#### PROVIDED MATERIAL ####

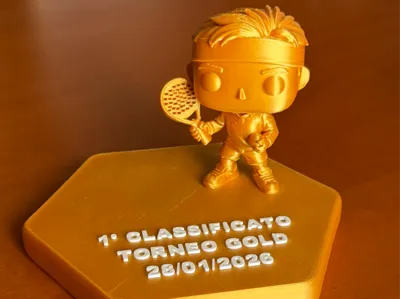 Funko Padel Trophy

####
#### PROVIDED MATERIAL ####

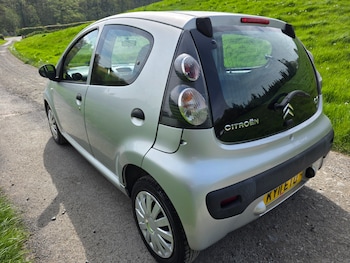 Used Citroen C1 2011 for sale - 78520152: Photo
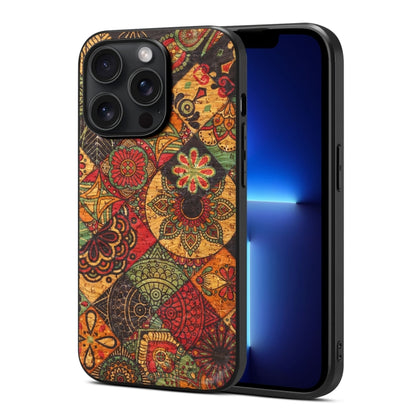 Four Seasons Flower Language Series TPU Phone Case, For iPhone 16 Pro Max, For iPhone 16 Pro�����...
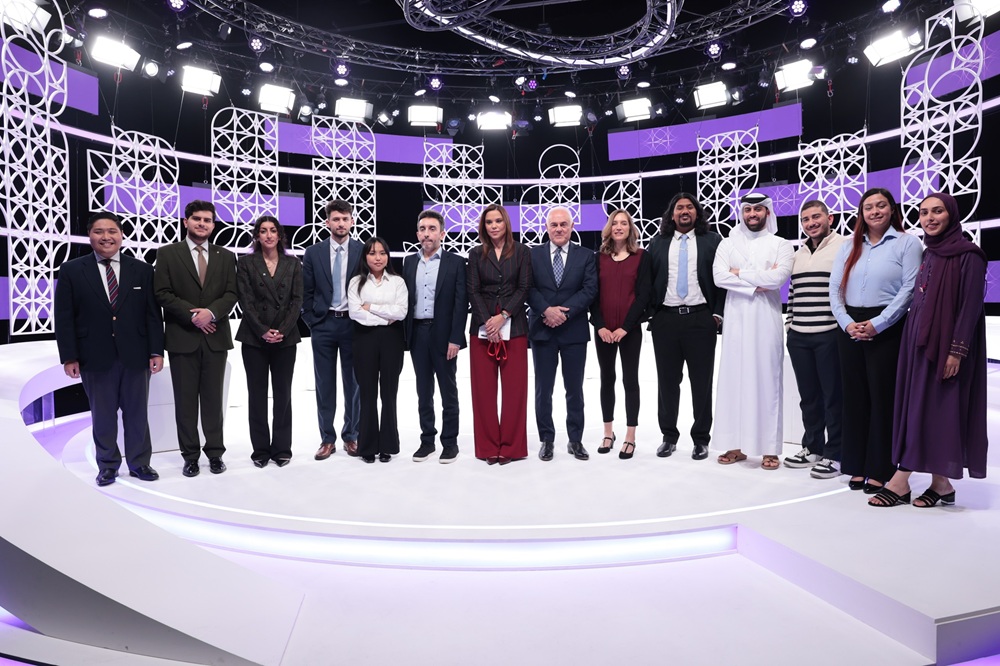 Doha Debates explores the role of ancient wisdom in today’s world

####
#### PROVIDED MATERIAL ####

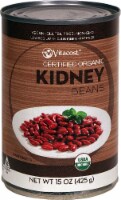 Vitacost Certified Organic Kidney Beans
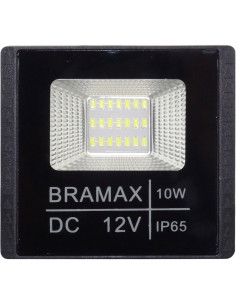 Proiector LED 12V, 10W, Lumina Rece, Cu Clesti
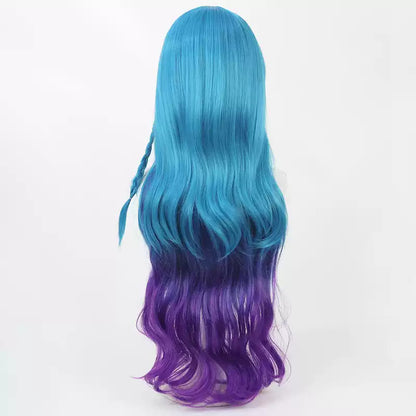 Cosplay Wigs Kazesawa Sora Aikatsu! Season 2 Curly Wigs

####

[TASK ITEM] In the material above, the stretch from the line with "Proiector LED 12V, 10W, Lumina" through the line with "Cosplay Wigs Kazesawa" is to be given again exactly, minus the pictures.

[RESULT]
 Proiector LED 12V, 10W, Lumina Rece, Cu Clesti
 Cosplay Wigs Kazesawa Sora Aikatsu! Season 2 Curly Wigs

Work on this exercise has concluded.